Exercise objective =
Nothing in the records should change; write them all out again.

The input =

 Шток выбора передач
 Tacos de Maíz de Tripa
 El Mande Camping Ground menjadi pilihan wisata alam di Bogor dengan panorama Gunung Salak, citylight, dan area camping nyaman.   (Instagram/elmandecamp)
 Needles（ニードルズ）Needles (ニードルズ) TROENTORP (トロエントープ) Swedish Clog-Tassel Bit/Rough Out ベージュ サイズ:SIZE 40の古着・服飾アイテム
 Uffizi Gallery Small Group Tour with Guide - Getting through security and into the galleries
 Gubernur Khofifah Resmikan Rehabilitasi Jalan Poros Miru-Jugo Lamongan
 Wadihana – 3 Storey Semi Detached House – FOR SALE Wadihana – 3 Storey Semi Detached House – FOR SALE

Result of this task =
 Шток выбора передач
 Tacos de Maíz de Tripa
 El Mande Camping Ground menjadi pilihan wisata alam di Bogor dengan panorama Gunung Salak, citylight, dan area camping nyaman.   (Instagram/elmandecamp)
 Needles（ニードルズ）Needles (ニードルズ) TROENTORP (トロエントープ) Swedish Clog-Tassel Bit/Rough Out ベージュ サイズ:SIZE 40の古着・服飾アイテム
 Uffizi Gallery Small Group Tour with Guide - Getting through security and into the galleries
 Gubernur Khofifah Resmikan Rehabilitasi Jalan Poros Miru-Jugo Lamongan
 Wadihana – 3 Storey Semi Detached House – FOR SALE Wadihana – 3 Storey Semi Detached House – FOR SALE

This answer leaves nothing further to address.